# Do I get "8PSK-Turbo code streaming"??



## Redlinetire (Jul 24, 2007)

From the Dish website promo:
"Uses a cutting edge 8PSK-Turbo code to stream more data to your satellite receiver"
http://www.dishnetwork.com/turbo_is_coming/index.shtml

Reminds me of a buddy who went to buy a receiver at an electronics store and the salesman told him it had special circuitry - so naturally my buddy asked "What kind of circuitry?"

The salesman told him - in all seriousness - "_electronic_ circuitry" :lol:


----------



## OldAnalogGuy (Feb 3, 2006)

hahahaha....

I also remember my first summer job at the phone company.

My boss handed me his business card and under his name was printed *"Electronics Expert".*

I had never met one before. And I realized after a work day that I still I hadn't met one...... 

(many, many years later, I still haven't yet met one. Guess he was just special....) :eek2:


----------



## Richard King (Mar 25, 2002)

:lol: Reminds me of the restaurant down the street. They have the GREATEST burgers that I think I have ever eaten. The first time they asked me if I wanted the "Special Sauce" I asked them what was in it.

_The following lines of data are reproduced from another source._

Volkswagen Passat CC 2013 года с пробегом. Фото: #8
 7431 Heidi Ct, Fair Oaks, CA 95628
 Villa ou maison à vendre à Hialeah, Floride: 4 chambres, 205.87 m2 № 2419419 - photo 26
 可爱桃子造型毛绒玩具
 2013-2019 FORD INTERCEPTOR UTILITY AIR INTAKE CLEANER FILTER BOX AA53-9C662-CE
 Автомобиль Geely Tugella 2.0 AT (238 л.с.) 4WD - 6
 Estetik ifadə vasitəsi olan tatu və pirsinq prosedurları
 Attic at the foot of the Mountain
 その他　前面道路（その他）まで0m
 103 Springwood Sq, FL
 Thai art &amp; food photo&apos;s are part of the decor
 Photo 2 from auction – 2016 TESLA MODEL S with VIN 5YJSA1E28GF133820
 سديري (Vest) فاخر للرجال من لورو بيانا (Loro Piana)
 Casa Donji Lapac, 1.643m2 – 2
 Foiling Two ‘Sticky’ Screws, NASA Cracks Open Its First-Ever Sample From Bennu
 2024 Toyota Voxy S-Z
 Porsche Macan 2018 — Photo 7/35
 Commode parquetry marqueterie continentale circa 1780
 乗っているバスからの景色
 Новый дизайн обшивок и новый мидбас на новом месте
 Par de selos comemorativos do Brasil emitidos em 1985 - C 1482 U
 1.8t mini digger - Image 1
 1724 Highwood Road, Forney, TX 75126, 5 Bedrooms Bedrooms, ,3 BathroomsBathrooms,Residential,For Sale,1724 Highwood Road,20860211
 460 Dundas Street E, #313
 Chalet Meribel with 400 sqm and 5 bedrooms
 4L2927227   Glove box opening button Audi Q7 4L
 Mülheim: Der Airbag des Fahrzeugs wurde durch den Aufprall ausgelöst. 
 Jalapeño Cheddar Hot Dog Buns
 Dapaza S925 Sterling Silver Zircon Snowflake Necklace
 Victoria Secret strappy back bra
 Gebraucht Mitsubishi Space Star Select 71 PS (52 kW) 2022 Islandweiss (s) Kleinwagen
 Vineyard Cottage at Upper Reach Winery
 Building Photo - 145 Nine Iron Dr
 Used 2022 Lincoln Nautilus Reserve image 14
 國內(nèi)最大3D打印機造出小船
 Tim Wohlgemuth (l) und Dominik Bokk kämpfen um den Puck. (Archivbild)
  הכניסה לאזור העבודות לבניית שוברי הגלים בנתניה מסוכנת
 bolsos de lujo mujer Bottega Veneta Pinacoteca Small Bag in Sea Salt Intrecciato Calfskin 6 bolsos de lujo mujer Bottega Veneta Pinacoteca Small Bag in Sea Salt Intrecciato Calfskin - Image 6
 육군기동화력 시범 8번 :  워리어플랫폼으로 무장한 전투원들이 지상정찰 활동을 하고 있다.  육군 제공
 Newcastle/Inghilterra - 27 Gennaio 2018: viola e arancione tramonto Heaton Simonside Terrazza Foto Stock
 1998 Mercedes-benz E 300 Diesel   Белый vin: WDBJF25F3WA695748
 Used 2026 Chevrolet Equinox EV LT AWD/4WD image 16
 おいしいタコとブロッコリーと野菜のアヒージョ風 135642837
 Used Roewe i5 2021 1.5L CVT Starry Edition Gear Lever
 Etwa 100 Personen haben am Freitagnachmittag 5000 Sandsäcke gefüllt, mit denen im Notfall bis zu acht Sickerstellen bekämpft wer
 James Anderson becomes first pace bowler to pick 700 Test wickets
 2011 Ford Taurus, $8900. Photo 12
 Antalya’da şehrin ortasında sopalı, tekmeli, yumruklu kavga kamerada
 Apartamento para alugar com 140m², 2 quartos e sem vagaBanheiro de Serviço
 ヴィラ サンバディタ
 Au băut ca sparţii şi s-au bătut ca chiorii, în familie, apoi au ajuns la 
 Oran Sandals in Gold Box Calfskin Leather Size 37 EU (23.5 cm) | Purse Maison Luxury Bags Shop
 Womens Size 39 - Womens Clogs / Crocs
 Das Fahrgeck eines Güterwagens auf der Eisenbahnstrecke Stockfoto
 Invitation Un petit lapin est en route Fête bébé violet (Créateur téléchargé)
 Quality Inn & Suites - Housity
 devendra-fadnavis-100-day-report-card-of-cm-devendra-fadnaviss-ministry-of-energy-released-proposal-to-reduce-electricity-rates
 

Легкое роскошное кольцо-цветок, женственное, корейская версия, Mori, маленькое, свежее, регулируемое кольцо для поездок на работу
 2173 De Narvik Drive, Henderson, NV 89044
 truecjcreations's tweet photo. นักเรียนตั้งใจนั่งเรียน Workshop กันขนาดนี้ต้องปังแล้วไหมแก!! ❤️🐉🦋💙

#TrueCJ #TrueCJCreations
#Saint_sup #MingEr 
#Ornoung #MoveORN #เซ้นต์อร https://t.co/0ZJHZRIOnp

The reply: 
"Catsup and mustard". I broke out laughing and they responded.... "It's the proper ratio that makes it special". I broke out laughing again.


----------



## P Smith (Jul 25, 2002)

"Do I get "8PSK-Turbo code streaming"?? If you waiting for serious answer, then:
if you have ViP device or other new XXX model with BCM4500 chip inside, or 6000 with 8PSK module.


----------



## Redlinetire (Jul 24, 2007)

P Smith said:


> "Do I get "8PSK-Turbo code streaming"?? If you waiting for serious answer, then:
> if you have ViP device or other new XXX model with BCM4500 chip inside, or 6000 with 8PSK module.


But back when my 386 computer had "Turbo", you got this cool little button on the front of the machine you could press with a little light that told you your computer was running in "Turbo" mode... :lol:

I understand the PSK part, I just thought the whole marketing spin was kinda funny...


----------



## TP715 (Jan 15, 2007)

P Smith said:


> "Do I get "8PSK-Turbo code streaming"?? If you waiting for serious answer, then:
> if you have ViP device or other new XXX model with BCM4500 chip inside, or 6000 with 8PSK module.


I'm confused. What modulation scheme is used now? Is 8PSK a new scheme different from what is used now or is it the same and just marketing hot air?

(I still have my 6000 with 8PSK module in the closet. Maybe it will come in useful some day?  )


----------



## Redlinetire (Jul 24, 2007)

As noted in the "Email on Turbo HD" thread, the link is now dead.


----------



## P Smith (Jul 25, 2002)

TP715 said:


> I'm confused. What modulation scheme is used now? Is 8PSK a new scheme different from what is used now or is it the same and just marketing hot air?
> 
> (I still have my 6000 with 8PSK module in the closet. Maybe it will come in useful some day?  )


Most of transponders using QPSK modulation now due SD content and millions of old receivers incapable to demod 8PSK; also the '8PSK' modulation what employed by Dish is little tricky for FTAers because of using other then RS error correction - Turbo Code.
Your 6000/8PSK is fine to activate, but you have a week to do that - in August Dish will start replacing the model to ViP211 and will not activate 6000 anymore.


----------